Electrospinning for nano-material organization

Distribution and organization of nano-materials is a challenge as they tend to agglomerate and their small size require non-conventional method of arranging them to the desired position. Electrospinning has emerged as a possible technique for organizing nano-materials in a linear form. As a process, electrospinning to form fibers involves stretching of a fluid in a single direction and any solid dispersion in the solution will like-wise be stretched in the same direction. Due to the confinement of the fluid and the viscoelastic force exerted by the stretching fluid, solids that are larger than the diameter of the stretched solution will be forced to align themselves along the length of the stretched fluid. Solids with a major axis will also be forced to align its major axis in the same direction of the stretching force. Electrospinning can be used to produce oriented fibers and advancement in this technique has seen the development of controlled placement of its fiber. This allows greater control in the positioning of the nano-material load which the fiber is carrying.

Alignment of nano-rods due to stretching of electrospinning jet

Incorporation of carbon nanotubes in electrospun fibers have seen the carbon nanotubes being aligned along the length of the electrospun nanofibers. In cases where functional performance of nanorods or nanotubes is affected by their alignment, electrospinning offers a way to achieve it. Roskov et al (2011) used electrospinning to align gold nanorods of aspect ratio 3.1 along a single axis. Gold nanorods have a tunable longitudinal surface plasmon resonance (LSPR) along its longitudinal axis which makes the ability to align them vital for this application. Polyethylene oxide (PEO) was used as the carrier polymer for the gold nanorods and they were able to achieve excellent gold nanorods alignment along the longitudinal axis of the fibers with diameters ranging from 40 nm to 600 nm. However, when the fiber diameter increases beyond 600 nm, alignment of the nanorods starts to deteriorate. Higher aspect ratio of the nanorod was also found to improve alignment as expected due to greater influence by the solution flow profile. However, the amount of nanorods up to a maximum volume fraction of 0.045 in the solution does not influence their alignment. The resultant composite material showed LSPR bands are polarization dependent with maximum extinction when the polarizer is parallel to the long axis of the rod. Zhang et al (2012) used electrospinning of polyvinyl pyrrolidone (PVP) to align silver nanowires (AgNW). The nanowires have diameter of 30 - 40 nm and length of 10 - 20 µm. Loading of up to 20 mg/ml of AgNW was used this resulted in more than ten AgNWs aligned within a single electrospun nanofiber.

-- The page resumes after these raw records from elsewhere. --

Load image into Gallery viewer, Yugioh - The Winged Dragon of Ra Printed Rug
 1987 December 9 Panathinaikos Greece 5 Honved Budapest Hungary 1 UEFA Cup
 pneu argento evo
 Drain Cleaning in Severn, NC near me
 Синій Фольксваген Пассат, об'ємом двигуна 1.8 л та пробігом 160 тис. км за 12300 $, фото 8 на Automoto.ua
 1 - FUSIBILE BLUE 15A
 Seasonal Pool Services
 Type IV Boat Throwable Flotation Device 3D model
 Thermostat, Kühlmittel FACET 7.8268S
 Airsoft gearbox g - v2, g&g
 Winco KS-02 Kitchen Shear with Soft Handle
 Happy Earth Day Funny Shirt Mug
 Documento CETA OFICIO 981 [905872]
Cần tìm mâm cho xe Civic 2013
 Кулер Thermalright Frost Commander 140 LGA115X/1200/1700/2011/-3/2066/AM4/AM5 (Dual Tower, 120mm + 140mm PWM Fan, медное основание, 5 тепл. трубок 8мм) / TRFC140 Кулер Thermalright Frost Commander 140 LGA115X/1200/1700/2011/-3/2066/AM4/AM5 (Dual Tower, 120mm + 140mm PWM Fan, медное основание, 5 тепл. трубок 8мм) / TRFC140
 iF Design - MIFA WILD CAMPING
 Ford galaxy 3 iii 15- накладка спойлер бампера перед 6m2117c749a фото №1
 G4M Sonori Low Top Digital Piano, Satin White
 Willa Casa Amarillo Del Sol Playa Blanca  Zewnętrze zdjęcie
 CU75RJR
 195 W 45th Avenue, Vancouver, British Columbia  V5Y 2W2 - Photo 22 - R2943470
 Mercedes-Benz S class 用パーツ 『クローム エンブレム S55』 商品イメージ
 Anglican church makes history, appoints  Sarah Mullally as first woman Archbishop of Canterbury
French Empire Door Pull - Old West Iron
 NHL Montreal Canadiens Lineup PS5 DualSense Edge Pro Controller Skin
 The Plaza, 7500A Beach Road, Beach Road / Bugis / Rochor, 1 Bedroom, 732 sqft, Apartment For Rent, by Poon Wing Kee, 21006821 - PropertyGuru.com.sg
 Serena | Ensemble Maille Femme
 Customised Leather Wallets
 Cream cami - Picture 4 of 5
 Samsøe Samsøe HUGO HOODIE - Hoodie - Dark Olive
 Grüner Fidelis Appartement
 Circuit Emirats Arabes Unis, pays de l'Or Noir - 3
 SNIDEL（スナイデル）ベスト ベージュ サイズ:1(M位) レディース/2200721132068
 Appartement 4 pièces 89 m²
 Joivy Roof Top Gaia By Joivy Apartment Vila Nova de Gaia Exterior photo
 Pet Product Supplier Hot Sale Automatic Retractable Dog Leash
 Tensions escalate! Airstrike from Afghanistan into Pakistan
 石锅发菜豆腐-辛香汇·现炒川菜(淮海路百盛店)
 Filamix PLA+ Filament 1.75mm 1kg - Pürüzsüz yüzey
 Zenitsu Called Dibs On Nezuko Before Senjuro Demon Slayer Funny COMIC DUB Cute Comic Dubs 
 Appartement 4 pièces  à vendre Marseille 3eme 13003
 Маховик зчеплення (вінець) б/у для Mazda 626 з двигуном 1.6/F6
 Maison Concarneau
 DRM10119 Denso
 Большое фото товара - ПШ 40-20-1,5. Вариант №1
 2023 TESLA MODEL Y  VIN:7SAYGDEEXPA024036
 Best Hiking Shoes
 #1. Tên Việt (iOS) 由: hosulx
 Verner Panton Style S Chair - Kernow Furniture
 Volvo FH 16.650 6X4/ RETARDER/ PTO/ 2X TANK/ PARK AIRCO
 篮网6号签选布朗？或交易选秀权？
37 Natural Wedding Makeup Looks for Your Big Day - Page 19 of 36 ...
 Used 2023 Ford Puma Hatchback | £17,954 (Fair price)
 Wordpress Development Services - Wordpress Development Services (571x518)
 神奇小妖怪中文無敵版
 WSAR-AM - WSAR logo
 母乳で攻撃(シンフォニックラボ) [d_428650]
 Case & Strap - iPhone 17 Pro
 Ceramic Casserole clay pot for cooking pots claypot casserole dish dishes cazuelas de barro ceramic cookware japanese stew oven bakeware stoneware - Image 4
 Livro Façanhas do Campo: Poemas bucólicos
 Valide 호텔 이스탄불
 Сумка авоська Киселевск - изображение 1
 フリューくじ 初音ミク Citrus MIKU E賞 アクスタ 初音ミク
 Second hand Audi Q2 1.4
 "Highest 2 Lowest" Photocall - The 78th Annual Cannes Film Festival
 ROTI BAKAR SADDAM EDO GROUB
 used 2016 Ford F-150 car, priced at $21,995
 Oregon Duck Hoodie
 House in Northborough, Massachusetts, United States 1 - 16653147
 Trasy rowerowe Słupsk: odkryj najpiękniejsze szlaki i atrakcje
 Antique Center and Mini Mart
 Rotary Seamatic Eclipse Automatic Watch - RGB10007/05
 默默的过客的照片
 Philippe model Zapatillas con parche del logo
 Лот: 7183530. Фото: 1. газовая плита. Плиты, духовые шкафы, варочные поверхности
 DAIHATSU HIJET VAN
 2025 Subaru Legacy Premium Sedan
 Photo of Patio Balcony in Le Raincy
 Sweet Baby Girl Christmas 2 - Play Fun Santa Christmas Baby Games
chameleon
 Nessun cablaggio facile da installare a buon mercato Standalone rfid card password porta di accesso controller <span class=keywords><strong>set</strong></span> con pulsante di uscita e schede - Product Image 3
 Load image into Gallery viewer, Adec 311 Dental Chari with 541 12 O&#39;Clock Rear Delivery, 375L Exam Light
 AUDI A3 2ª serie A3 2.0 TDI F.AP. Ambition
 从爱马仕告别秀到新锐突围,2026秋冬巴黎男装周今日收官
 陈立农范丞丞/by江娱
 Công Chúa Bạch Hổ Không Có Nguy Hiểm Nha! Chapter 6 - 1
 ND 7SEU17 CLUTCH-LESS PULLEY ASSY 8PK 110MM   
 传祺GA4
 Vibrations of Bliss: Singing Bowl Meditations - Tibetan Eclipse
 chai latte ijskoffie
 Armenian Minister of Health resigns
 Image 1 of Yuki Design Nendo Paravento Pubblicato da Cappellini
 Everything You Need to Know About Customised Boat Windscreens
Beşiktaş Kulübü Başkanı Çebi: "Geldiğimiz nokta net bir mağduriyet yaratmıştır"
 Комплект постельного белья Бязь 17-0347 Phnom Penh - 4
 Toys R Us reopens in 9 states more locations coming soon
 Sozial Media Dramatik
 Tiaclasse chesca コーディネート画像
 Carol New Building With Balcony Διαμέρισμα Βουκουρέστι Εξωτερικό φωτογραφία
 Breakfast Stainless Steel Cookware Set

Fibers with very high surface roughness are known to demonstrate higher hypdrophobicity. Beaded fibers have been constructed from linear organization of silica beads using electrospinning. To achieve this, a beads colloidal dispersion was prepared and electrospinning is subsequently carried out. Silica beads in the sub-micron diameter have been arranged into fibers using this method [Lim et al 2007]. Sintering was used to remove the polymer matrix that was used to arrange the beads during electrospinning. Zhou et al (2014) used a suspension of polytetrafluoroethylene (PTFE) fine particles in water for blending with water soluble polyvinyl alcohol (PVA). The PVA with PTFE particles were electrospun and the PVA component removed through sintering up to 380°C for 30 minutes. At this temperature the PTFE particles melted and fused together to form an interconnected nanofibrous network of PTFE. Gonzalez et al (2021) used electrospinning to form nanofibers out of latex beads. For electrospinning, a suspension of polyvinyl alcohol (PVA), surfactant and latex copolymer particles was prepared. PVA is the template polymer to enable electrospinning and the surfactant is used to disperse the latex copolymer particles. Their results showed that particles of larger diameter resulted in electrospun fibers of larger diameter. For particle sizes 107 nm and 192 nm, they were able to produce smooth fibers but with particle size of 317 nm, fibers with pearl necklace morphology were produced probably due to poor packing. The mono-suspension of these three particles with the template polymer exhibited similar viscosities. When the ratio of the particles to PVA was increased to 71/29 wt.%/wt.%, beaded fibers were obtained across all particle sizes. With the same particles to PVA ratio but with a bimodal particles size mixture consisting of the smallest particles (diameter 107 nm) and largest particles (diameter 317 nm) in equal ratio, the resultant electrospun fibers were much smoother. It was found that with this bimodal particle suspension, the viscosity is significantly higher than their monomodal suspension. This probably facilitated the production of uniform fibers.